- ACTIVITY -
Write the data out again exactly, dropping any images it holds.

- MATERIAL PROVIDED -
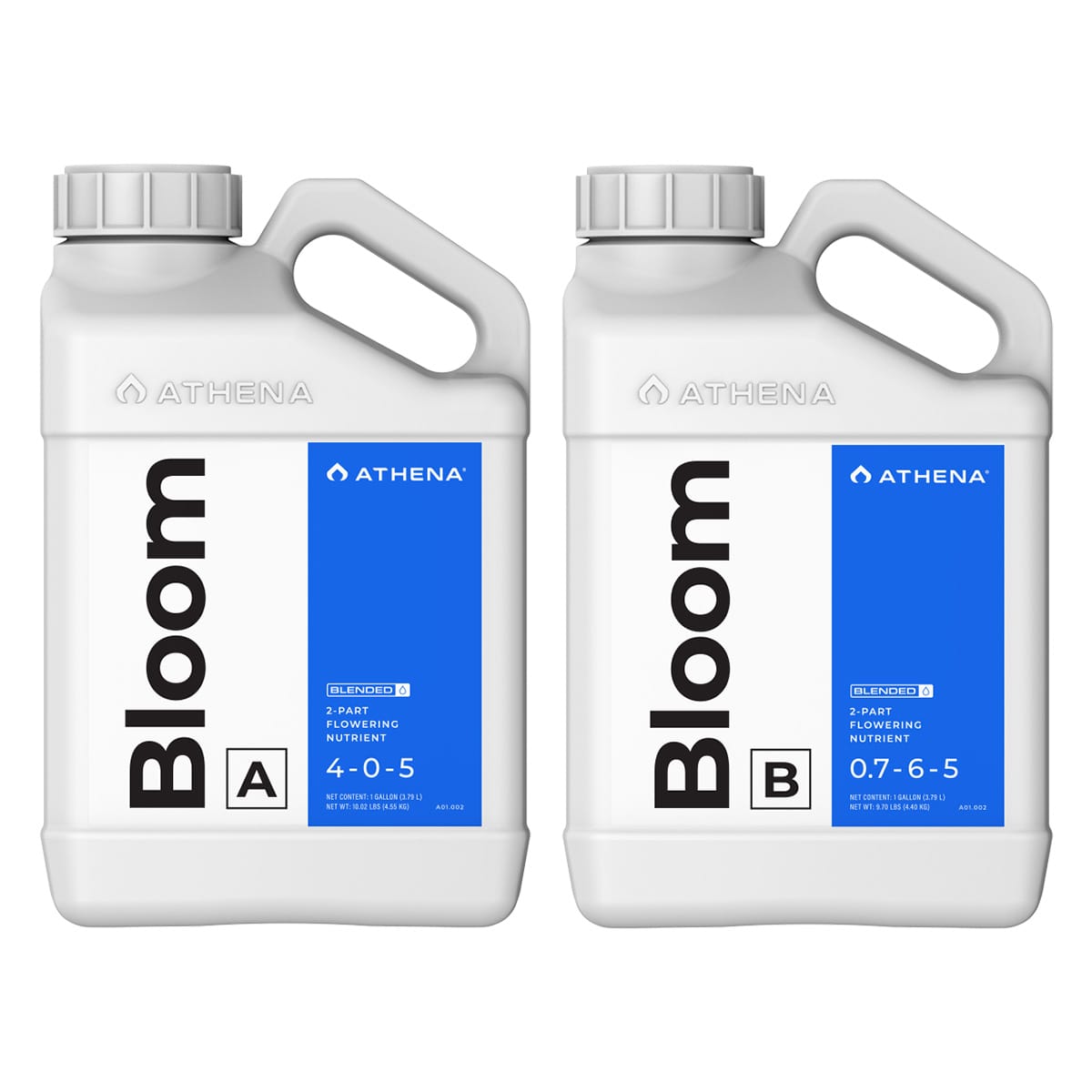 Athena Bloom A & B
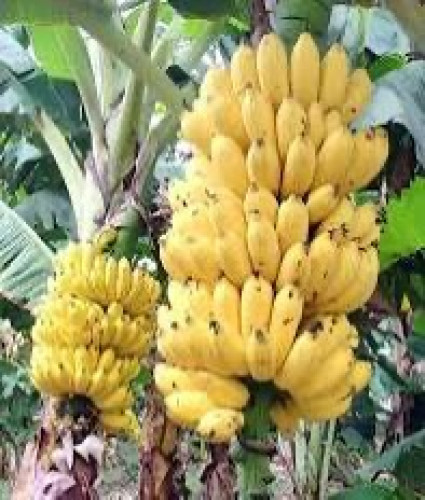 ត្រូវការដៃគូចែកចាយ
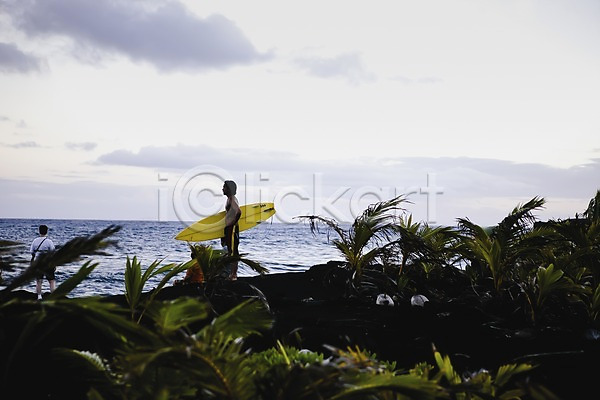 남자 남자만 두명 사람 JPG 포토 나무 남태평양 들기 레저 바다 백그라운드 서퍼 서핑 서핑보드 수상스포츠 스포츠 식물 야외 자연 장비 주간 풍경(경치) 하와이 해외 해외풍경 휴양지
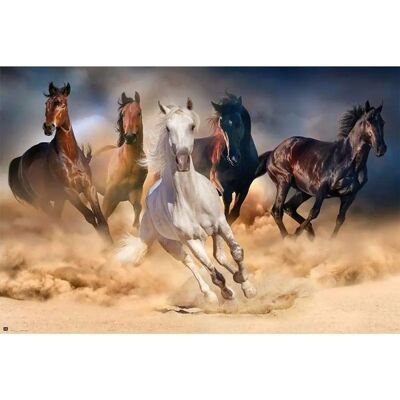 Grupo Erik Five Horses Poster 91,5x61cm - Poster Grupo Erik Five Horses Poster 91,5x61cm - Poster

- EXERCISE SOLUTION -
 Athena Bloom A & B
 ត្រូវការដៃគូចែកចាយ
 남자 남자만 두명 사람 JPG 포토 나무 남태평양 들기 레저 바다 백그라운드 서퍼 서핑 서핑보드 수상스포츠 스포츠 식물 야외 자연 장비 주간 풍경(경치) 하와이 해외 해외풍경 휴양지
 Grupo Erik Five Horses Poster 91,5x61cm - Poster Grupo Erik Five Horses Poster 91,5x61cm - Poster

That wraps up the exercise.